The Hendersons and seven other female, same-sex married couples and their children had filed a complaint against the state because the birth certificates only listed the birth mother as a parent.
Finding that Indiana was discriminating against these women and violating the Equal Protection and Due Process clauses, the court entered a permanent injunction preventing the state from withholding the presumption of parenthood to female, same-sex spouses of birth mothers.
The state responded to the June 2016 ruling with a motion asking the court to modify and clarify the declaratory judgment and permanent injunction.
In particular, it requested the court remove its order barring the state from enforcing the “born in wedlock” and “born out of wedlock” statutes. Indiana argued the plaintiffs lack standing because the law only applies to adoption proceedings.

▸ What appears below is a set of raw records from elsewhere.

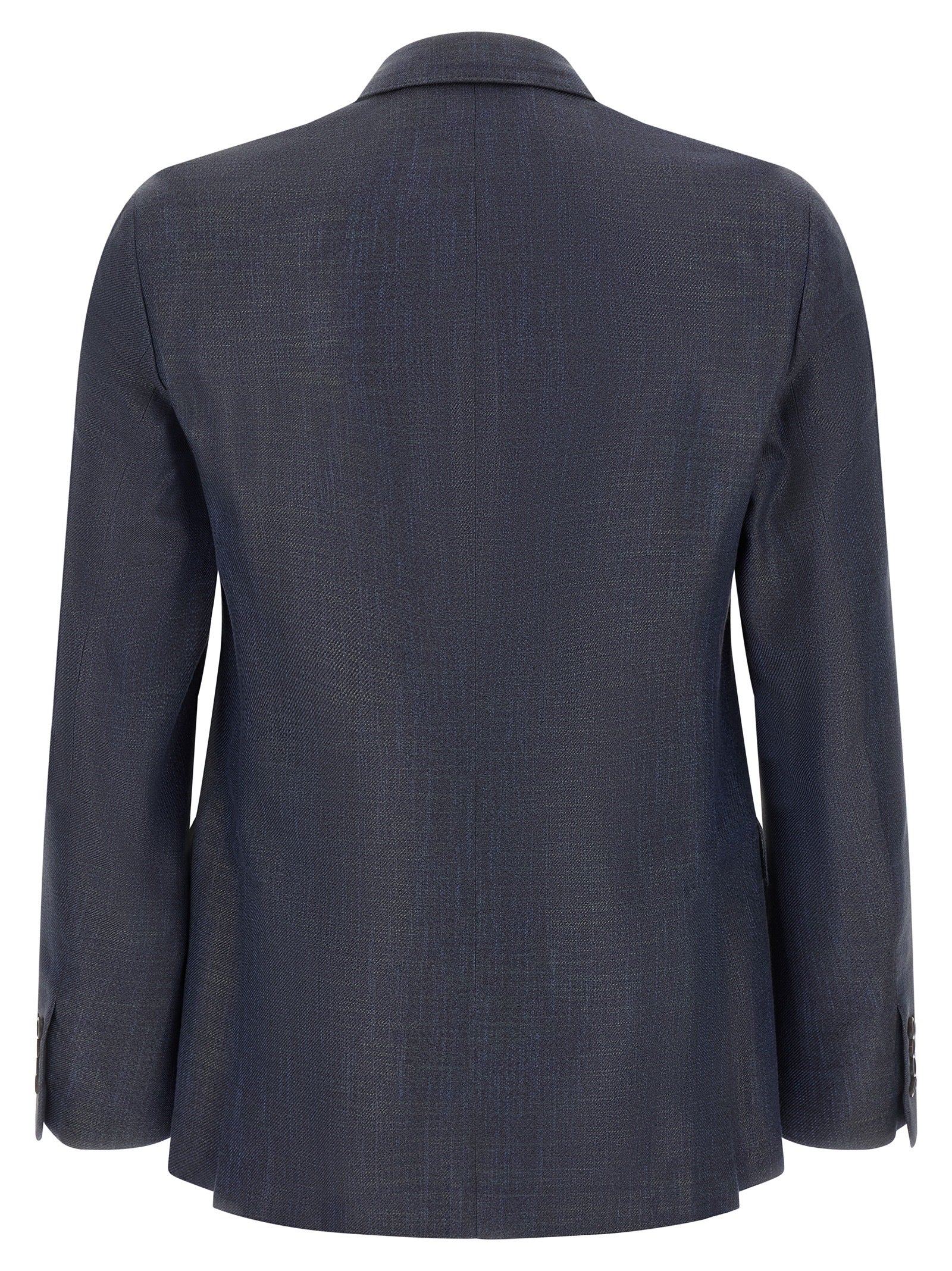 Blazer by Pal Zileri for men in viscose gold & navy showcases a polished silhouette, highlighted by a refined lapel neckline and polished for a sophisticated finish.
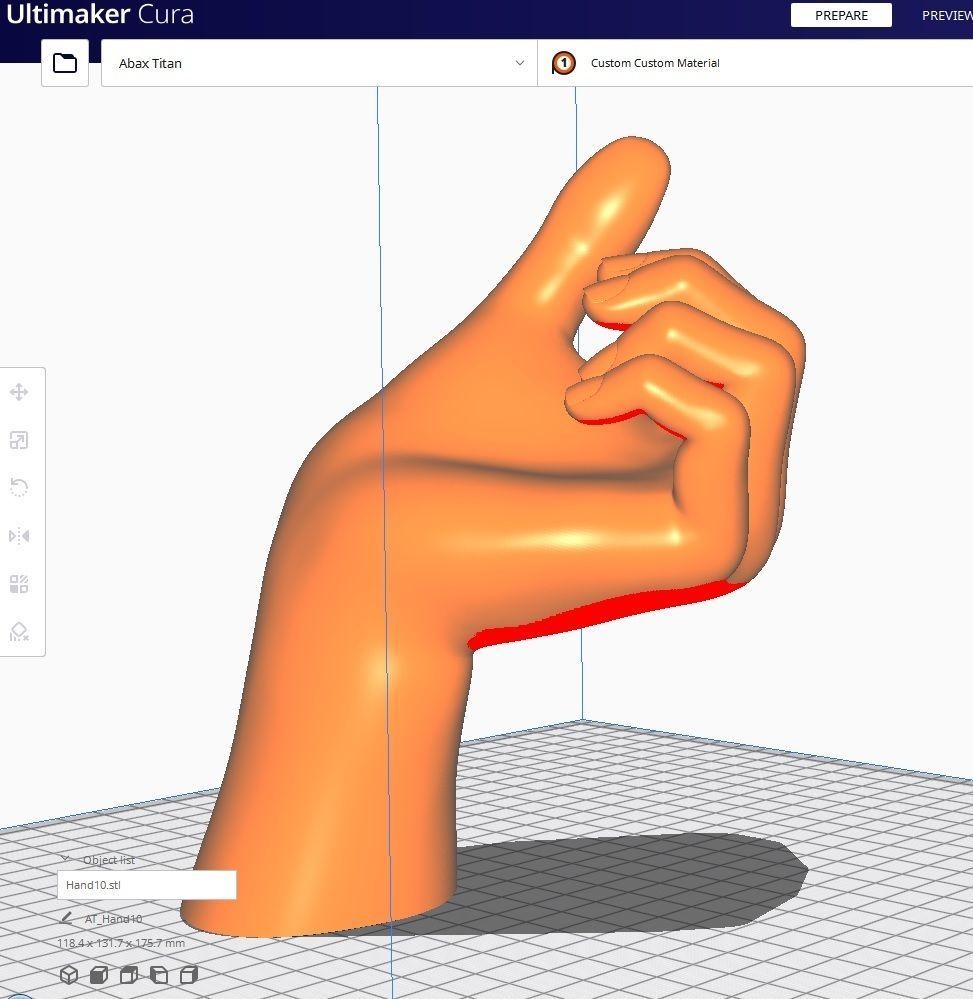 Hand STL M10 3D print model_1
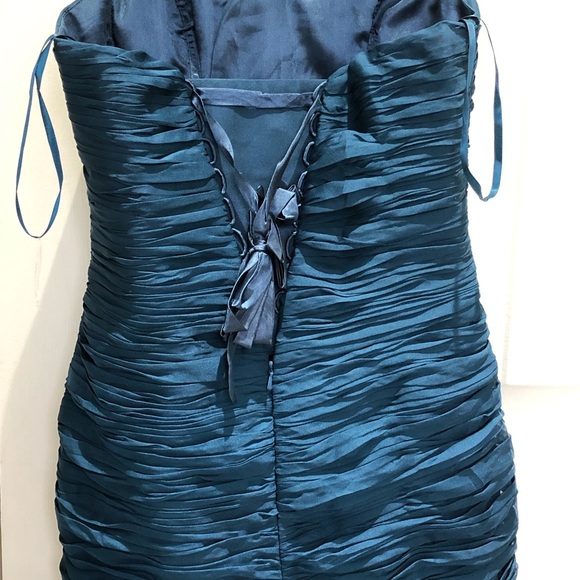 Dark teal strapless sweetheart neckline formal/prom dress - Picture 8 of 9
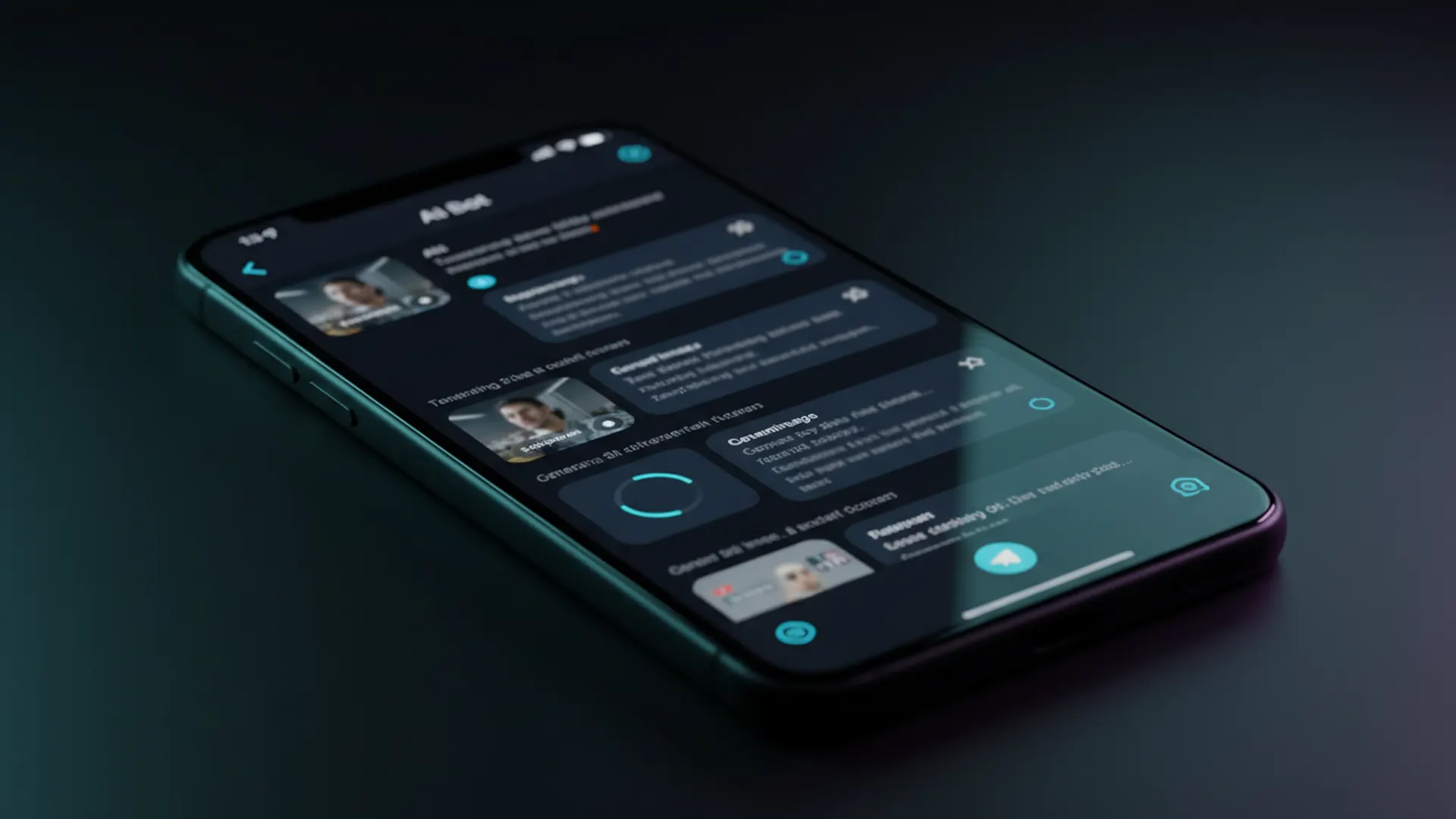 Telegram interface with generation examples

However, the court provided a reminder that the state’s Fed. R. Civ. P. Rule 59(e) motion is not an opportunity to re-litigate motions.
Pratt wrote, “Because the State Defendant has failed to point out a manifest error of law or fact and seems to simply relitigate its argument from its summary judgment reply brief, the Court DENIES the Motion to Amend Judgment regarding the request to remove any declaration or injunction directed at Indiana Code 31-9-2-15 and 31-9-2-16.”
Again, the court fired back when the state asked for clarification of whether the permanent injunction applied only to wives of birth mothers who conceived through artificial insemination by an anonymous donor.
The court noted that nowhere in its order were “anonymous donors” discussed or considered.
“The Order means what it says and says what it means,” Pratt wrote. “It applies to female, same-sex spouses of birth mothers and children born to a birth mother who is married to a same-sex spouse. It does not apply additional limitations as the State Defendant questions.”